[[ Records for the exercise open ]]

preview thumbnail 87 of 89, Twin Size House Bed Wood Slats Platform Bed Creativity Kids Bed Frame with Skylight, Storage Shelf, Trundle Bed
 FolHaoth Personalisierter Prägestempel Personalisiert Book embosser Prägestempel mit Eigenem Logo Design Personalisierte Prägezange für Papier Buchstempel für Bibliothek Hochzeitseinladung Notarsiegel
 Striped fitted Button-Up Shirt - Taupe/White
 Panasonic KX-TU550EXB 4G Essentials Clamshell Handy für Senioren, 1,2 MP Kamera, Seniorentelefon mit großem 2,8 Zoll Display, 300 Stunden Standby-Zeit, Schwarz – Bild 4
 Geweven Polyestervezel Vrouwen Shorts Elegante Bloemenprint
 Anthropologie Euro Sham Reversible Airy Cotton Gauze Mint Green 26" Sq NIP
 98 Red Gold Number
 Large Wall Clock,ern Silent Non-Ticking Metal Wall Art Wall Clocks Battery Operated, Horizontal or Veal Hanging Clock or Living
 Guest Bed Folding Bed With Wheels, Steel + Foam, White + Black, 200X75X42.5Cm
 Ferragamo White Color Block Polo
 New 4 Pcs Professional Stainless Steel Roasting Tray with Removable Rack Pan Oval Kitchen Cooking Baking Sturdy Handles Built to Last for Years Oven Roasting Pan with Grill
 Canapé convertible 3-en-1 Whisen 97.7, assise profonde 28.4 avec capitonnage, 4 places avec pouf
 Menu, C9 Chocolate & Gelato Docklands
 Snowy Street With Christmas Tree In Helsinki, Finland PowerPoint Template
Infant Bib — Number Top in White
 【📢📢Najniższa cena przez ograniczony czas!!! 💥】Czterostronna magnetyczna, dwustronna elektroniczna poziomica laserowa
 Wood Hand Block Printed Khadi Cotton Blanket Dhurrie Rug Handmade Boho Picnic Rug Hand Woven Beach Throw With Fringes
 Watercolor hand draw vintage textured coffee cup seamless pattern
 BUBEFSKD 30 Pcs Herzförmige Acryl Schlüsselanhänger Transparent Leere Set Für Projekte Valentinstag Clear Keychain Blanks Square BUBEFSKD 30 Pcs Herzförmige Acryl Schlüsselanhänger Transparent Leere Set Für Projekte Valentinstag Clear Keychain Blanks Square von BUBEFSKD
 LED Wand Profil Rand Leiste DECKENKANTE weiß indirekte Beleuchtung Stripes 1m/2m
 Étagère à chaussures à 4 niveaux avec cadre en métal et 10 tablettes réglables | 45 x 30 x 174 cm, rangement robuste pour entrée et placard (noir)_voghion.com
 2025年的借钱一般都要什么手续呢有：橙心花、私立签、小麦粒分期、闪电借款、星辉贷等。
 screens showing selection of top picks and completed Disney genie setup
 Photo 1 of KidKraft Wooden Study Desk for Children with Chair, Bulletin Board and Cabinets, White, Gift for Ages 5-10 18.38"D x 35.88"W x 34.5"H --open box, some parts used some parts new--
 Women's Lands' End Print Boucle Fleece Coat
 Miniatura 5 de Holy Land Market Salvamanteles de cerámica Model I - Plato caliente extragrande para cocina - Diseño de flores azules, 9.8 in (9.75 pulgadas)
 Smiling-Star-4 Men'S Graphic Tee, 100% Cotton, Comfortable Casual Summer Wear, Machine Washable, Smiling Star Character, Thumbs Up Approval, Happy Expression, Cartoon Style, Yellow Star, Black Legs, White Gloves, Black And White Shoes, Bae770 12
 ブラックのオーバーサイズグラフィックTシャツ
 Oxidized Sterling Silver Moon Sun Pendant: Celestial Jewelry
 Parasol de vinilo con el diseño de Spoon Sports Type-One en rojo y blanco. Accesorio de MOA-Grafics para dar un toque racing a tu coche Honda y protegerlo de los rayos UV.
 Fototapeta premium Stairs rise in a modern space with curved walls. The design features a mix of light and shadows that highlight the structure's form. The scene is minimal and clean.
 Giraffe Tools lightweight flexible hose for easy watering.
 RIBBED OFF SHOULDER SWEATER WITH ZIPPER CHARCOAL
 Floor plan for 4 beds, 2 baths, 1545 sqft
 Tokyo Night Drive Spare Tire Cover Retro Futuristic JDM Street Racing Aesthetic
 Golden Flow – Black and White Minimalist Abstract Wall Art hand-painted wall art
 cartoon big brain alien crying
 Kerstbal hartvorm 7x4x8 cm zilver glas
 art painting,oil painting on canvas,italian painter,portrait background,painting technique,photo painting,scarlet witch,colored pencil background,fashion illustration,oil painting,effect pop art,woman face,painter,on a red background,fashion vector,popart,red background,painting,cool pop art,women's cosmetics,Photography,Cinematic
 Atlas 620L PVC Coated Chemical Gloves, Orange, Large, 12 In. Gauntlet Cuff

[[ Records for the exercise closed ]]

Task details: What needs duplicating is the run of lines from the one containing "screens showing selection" through the last line of the entries above, exact and complete.

Reply to the exercise:
 screens showing selection of top picks and completed Disney genie setup
 Photo 1 of KidKraft Wooden Study Desk for Children with Chair, Bulletin Board and Cabinets, White, Gift for Ages 5-10 18.38"D x 35.88"W x 34.5"H --open box, some parts used some parts new--
 Women's Lands' End Print Boucle Fleece Coat
 Miniatura 5 de Holy Land Market Salvamanteles de cerámica Model I - Plato caliente extragrande para cocina - Diseño de flores azules, 9.8 in (9.75 pulgadas)
 Smiling-Star-4 Men'S Graphic Tee, 100% Cotton, Comfortable Casual Summer Wear, Machine Washable, Smiling Star Character, Thumbs Up Approval, Happy Expression, Cartoon Style, Yellow Star, Black Legs, White Gloves, Black And White Shoes, Bae770 12
 ブラックのオーバーサイズグラフィックTシャツ
 Oxidized Sterling Silver Moon Sun Pendant: Celestial Jewelry
 Parasol de vinilo con el diseño de Spoon Sports Type-One en rojo y blanco. Accesorio de MOA-Grafics para dar un toque racing a tu coche Honda y protegerlo de los rayos UV.
 Fototapeta premium Stairs rise in a modern space with curved walls. The design features a mix of light and shadows that highlight the structure's form. The scene is minimal and clean.
 Giraffe Tools lightweight flexible hose for easy watering.
 RIBBED OFF SHOULDER SWEATER WITH ZIPPER CHARCOAL
 Floor plan for 4 beds, 2 baths, 1545 sqft
 Tokyo Night Drive Spare Tire Cover Retro Futuristic JDM Street Racing Aesthetic
 Golden Flow – Black and White Minimalist Abstract Wall Art hand-painted wall art
 cartoon big brain alien crying
 Kerstbal hartvorm 7x4x8 cm zilver glas
 art painting,oil painting on canvas,italian painter,portrait background,painting technique,photo painting,scarlet witch,colored pencil background,fashion illustration,oil painting,effect pop art,woman face,painter,on a red background,fashion vector,popart,red background,painting,cool pop art,women's cosmetics,Photography,Cinematic
 Atlas 620L PVC Coated Chemical Gloves, Orange, Large, 12 In. Gauntlet Cuff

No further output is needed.